== MATERIAL PROVIDED ==
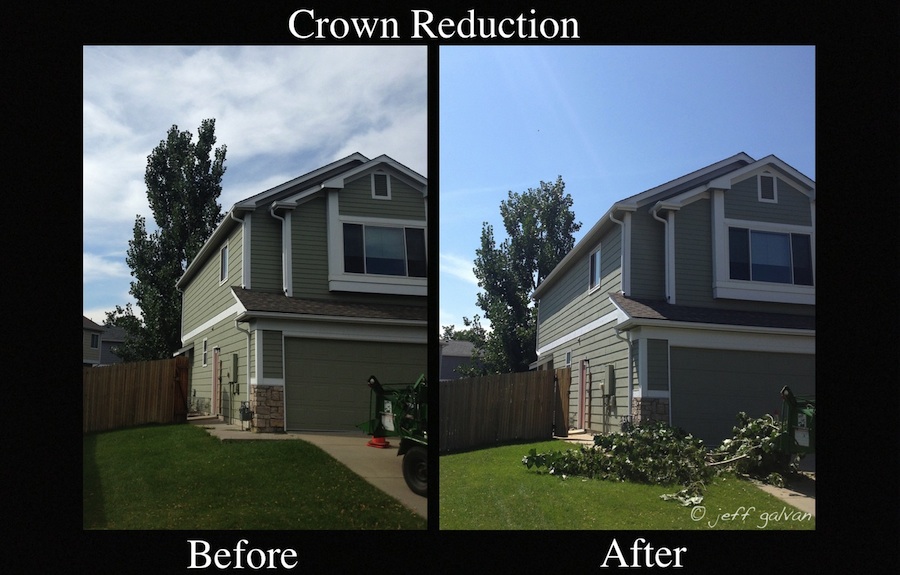 Crown Reduction Pruning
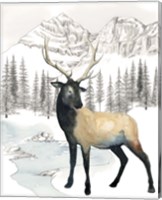 Framed 'Winter Elk I' border=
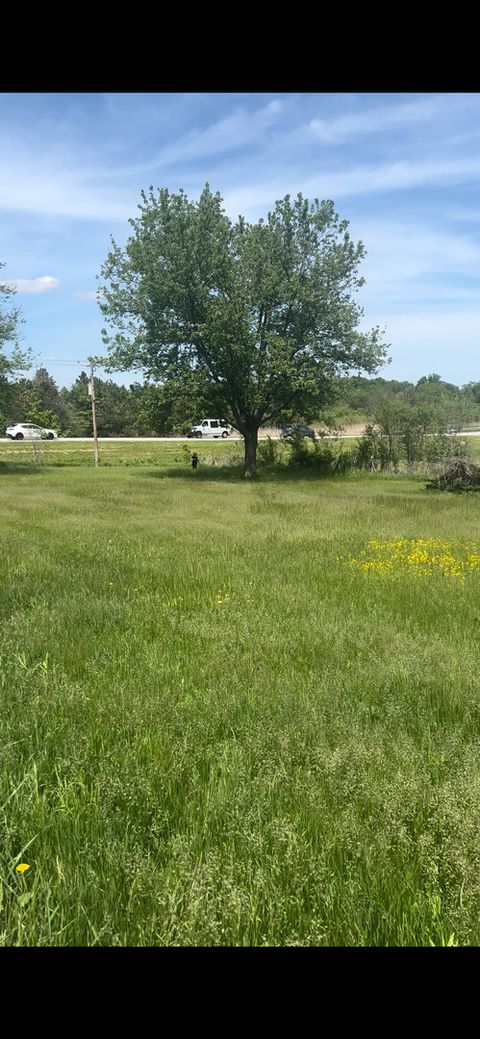 Tiny photo for 3303 E Exchange Street, Crete, IL 60417 (MLS # 12545840)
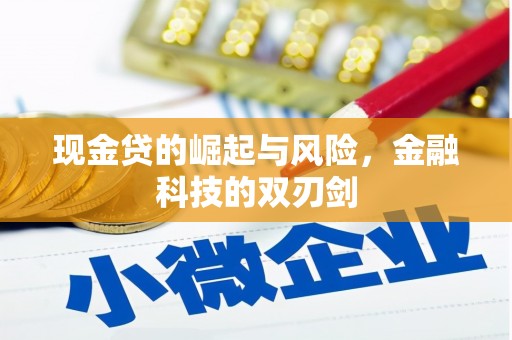 通山现金贷的崛起与风险，金融科技的双刃剑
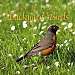 Spring Backyard Birds CD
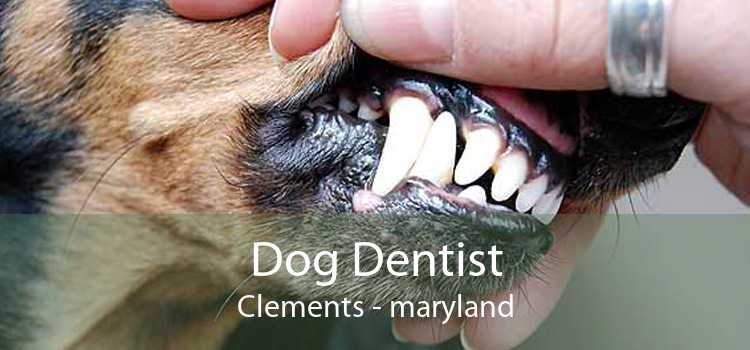 Dog Dentist Clements - maryland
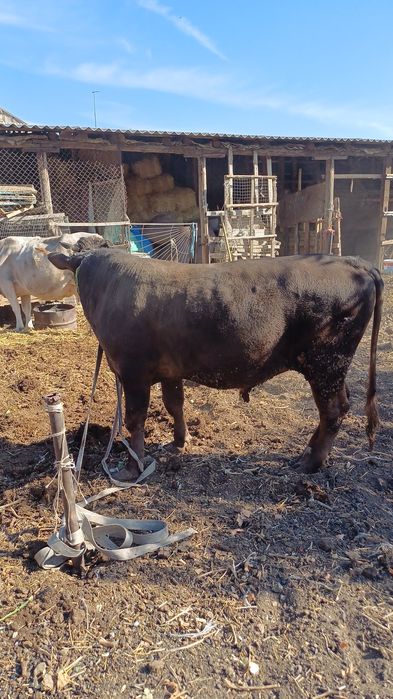 Бордакы буха ,2жас,950 мынг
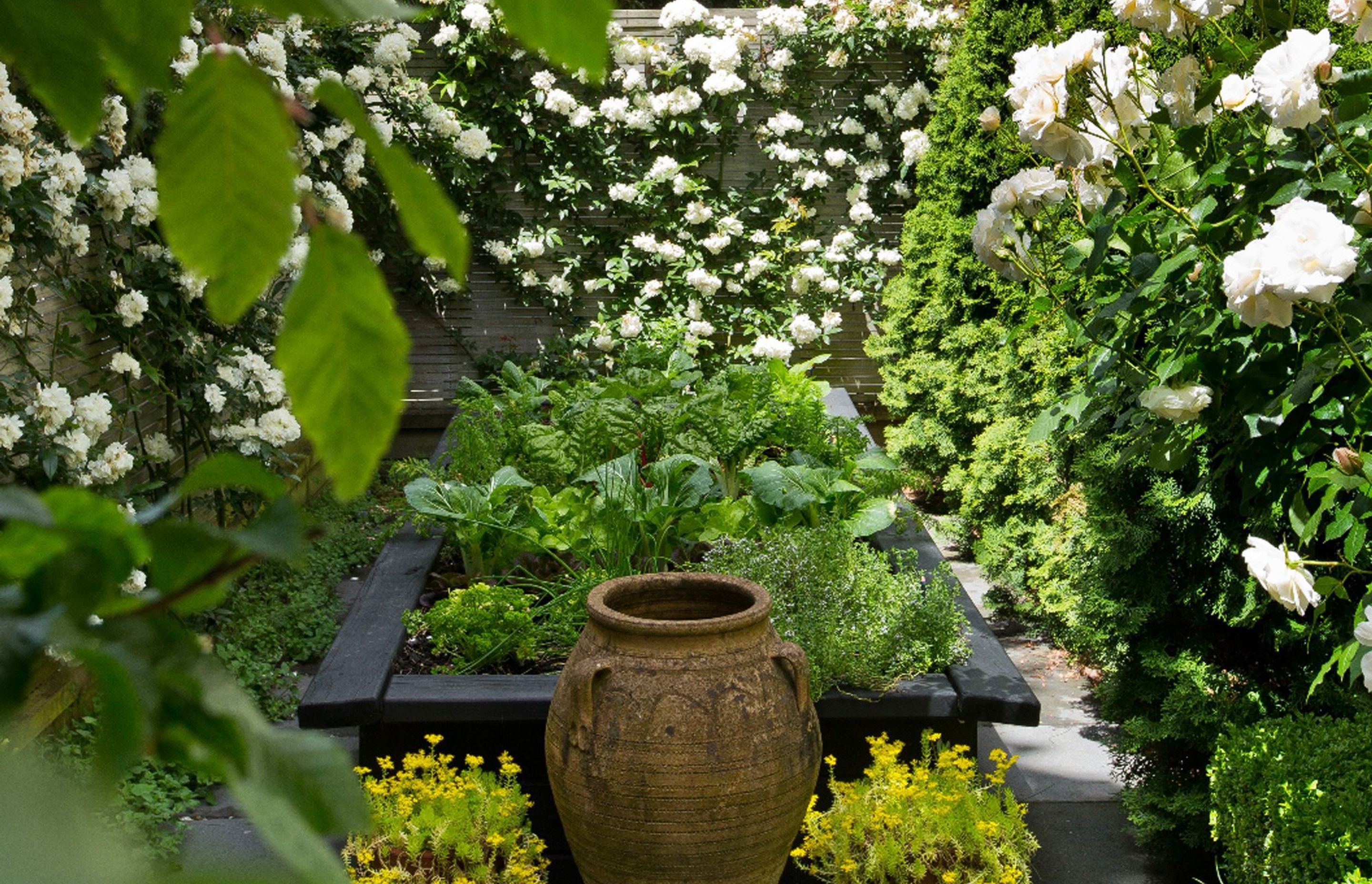 Beautiful raised vegetable garden potager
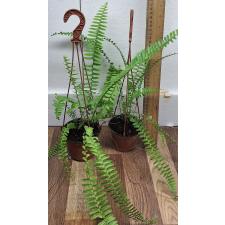 Нефролепис Кордифолия (Таиланд) / Nephrolepis Cordifolia (thailand) (M)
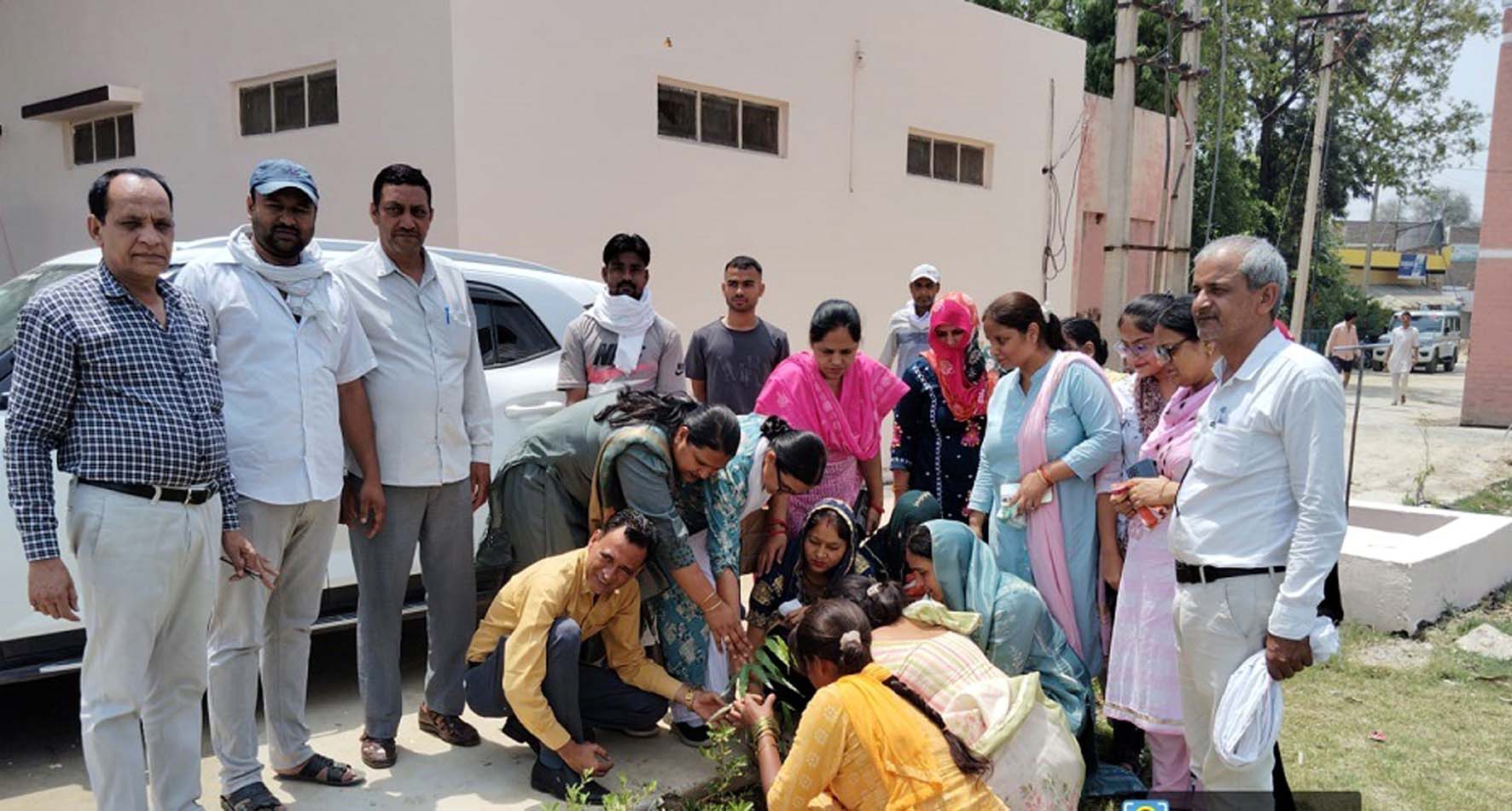 हिसार बनेगा एक पेड़ मां के नाम अभियान से हरा-भरा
===
### HOW TO COMPLETE THIS TASK
All of the listing should be transcribed exactly, but none of its images.

### ANSWER TO THE PROBLEM
 Crown Reduction Pruning
 Framed 'Winter Elk I' border=
 Tiny photo for 3303 E Exchange Street, Crete, IL 60417 (MLS # 12545840)
 通山现金贷的崛起与风险，金融科技的双刃剑
 Spring Backyard Birds CD
 Dog Dentist Clements - maryland
 Бордакы буха ,2жас,950 мынг
 Beautiful raised vegetable garden potager
 Нефролепис Кордифолия (Таиланд) / Nephrolepis Cordifolia (thailand) (M)
 हिसार बनेगा एक पेड़ मां के नाम अभियान से हरा-भरा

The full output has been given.